Em regra, quando o regime de home office não se enquadrar como teletrabalho, o empregado continuará recebendo os mesmos direitos trabalhistas dos funcionários na modalidade em que existe a prestação do serviço presencial. Assim, é importante que o empregador ajuste a forma de controle de jornada. Atualmente, existem softwares que conseguem monitorar a frequência, pontualidade e produtividade do empregado em home office ou teletrabalho. A partir disso, o empregador pode acompanhar os sites visitados durante o horário de trabalho, ter acesso à captura de tela do colaborador, usar o GPS do telefone celular para localizá-lo, tirar foto da webcam, bem como, até mesmo, ver os movimentos do mouse e a quantidade de cliques.

Dessa maneira, o controlador deverá adequar as formas de controle de jornada dos empregados às diretrizes estabelecidas pela LGPD, sob pena de violar a privacidade, a vida íntima e os dados pessoais do empregado. Nesse contexto, mecanismos de controle abusivos poderão acarretar sanções da ANPD e possíveis questionamentos judiciais do âmbito trabalhista, podendo incidir, inclusive, em indenização por danos morais.

Recomenda-se aos controladores o uso de meios menos nocivos e abusivos à privacidade dos funcionários, sendo transparentes, deixando à disposição do colaborador todos os dados coletados e permitindo a exclusão de tais informações a qualquer momento, coletando a anuência específica dos monitorados para tais práticas e o uso daqueles dados colhidos apenas para a finalidade informada. Essa abordagem de respeito à privacidade é crucial em um cenário onde o teletrabalho se tornou uma norma.

O teletrabalho trouxe mudanças significativas na cultura organizacional das empresas brasileiras. A necessidade de comunicação clara e eficiente tornou-se mais evidente, assim como a importância de manter os funcionários engajados e conectados à cultura da empresa, mesmo à distância. Neste contexto, as soluções tecnológicas desempenham um papel crucial. Ferramentas como Slack, Zoom e Trello facilitam a colaboração e comunicação, enquanto softwares de segurança cibernética garantem a proteção de dados sensíveis da empresa.
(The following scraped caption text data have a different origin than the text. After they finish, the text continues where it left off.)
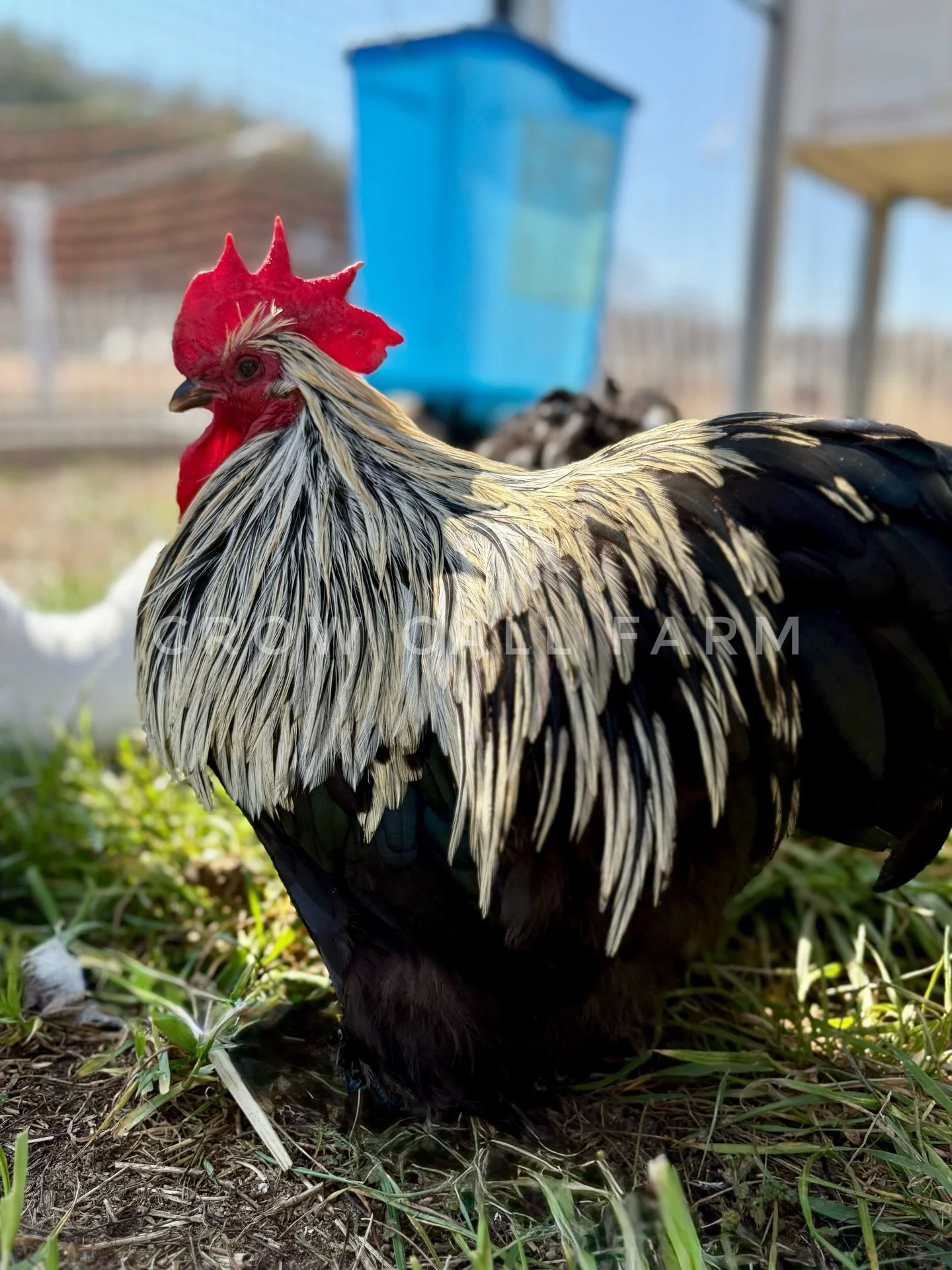 Raven is finally doing his job correctly and fertility is up to over 75%. Anyone with bantam Cochins knows the struggle 😅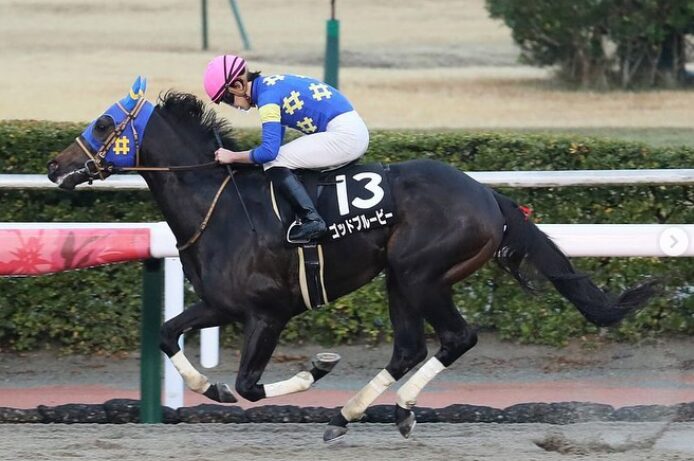 角田大河の家族構成｜父親はダービージョッキーで兄も騎手！母親や兄弟についても調査！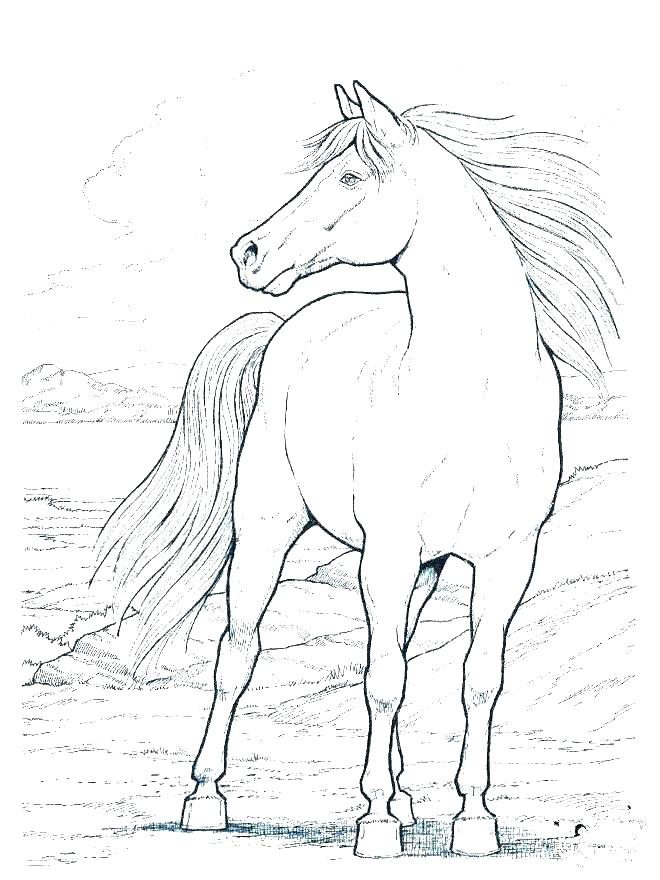 Spirit Horse Coloring Pages Barbie Horse Coloring Pages Horse 660x880 Spirit Horse Coloring Pages Barbie Horse Coloring Pages Horse
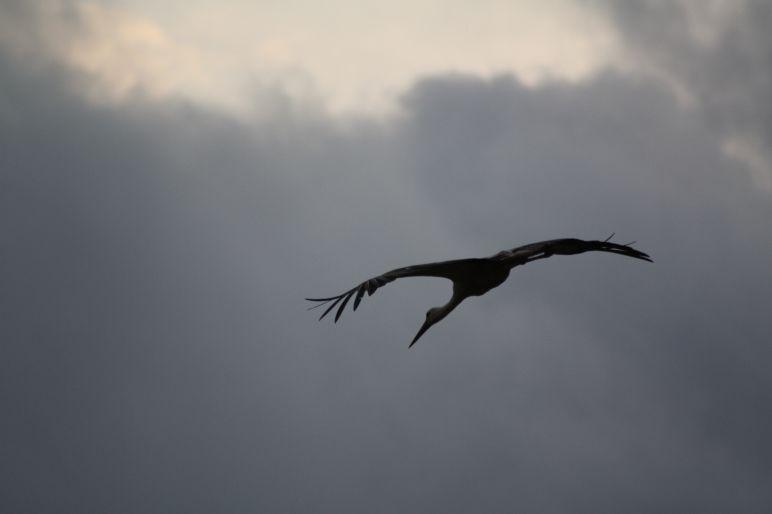 Agata Pe (Bunialsky), Szczecin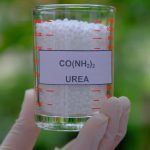 Ureia Técnica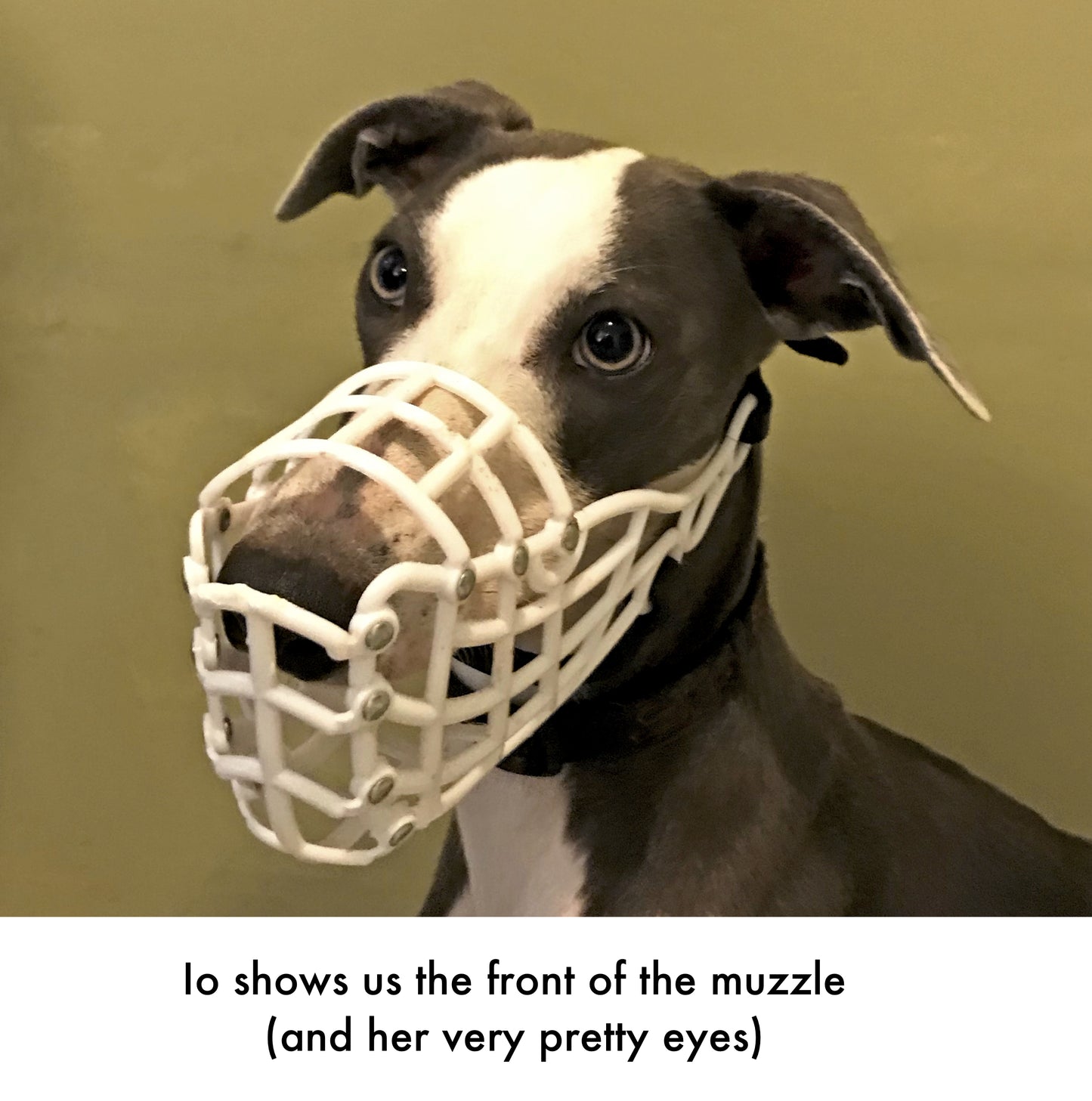 Whippet Muzzle (Irish style)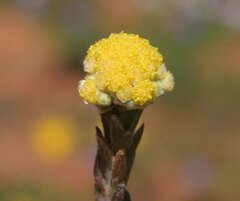 Calocephalus multiflorus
Além da tecnologia, as empresas estão cada vez mais conscientes da importância da ergonomia e saúde mental no home office. Iniciativas como workshops sobre ergonomia, pausas regulares e apoio psicológico online têm sido adotadas para promover o bem-estar dos funcionários. Esta atenção ao bem-estar dos funcionários é parte de uma tendência maior em direção a modelos de trabalho mais flexíveis.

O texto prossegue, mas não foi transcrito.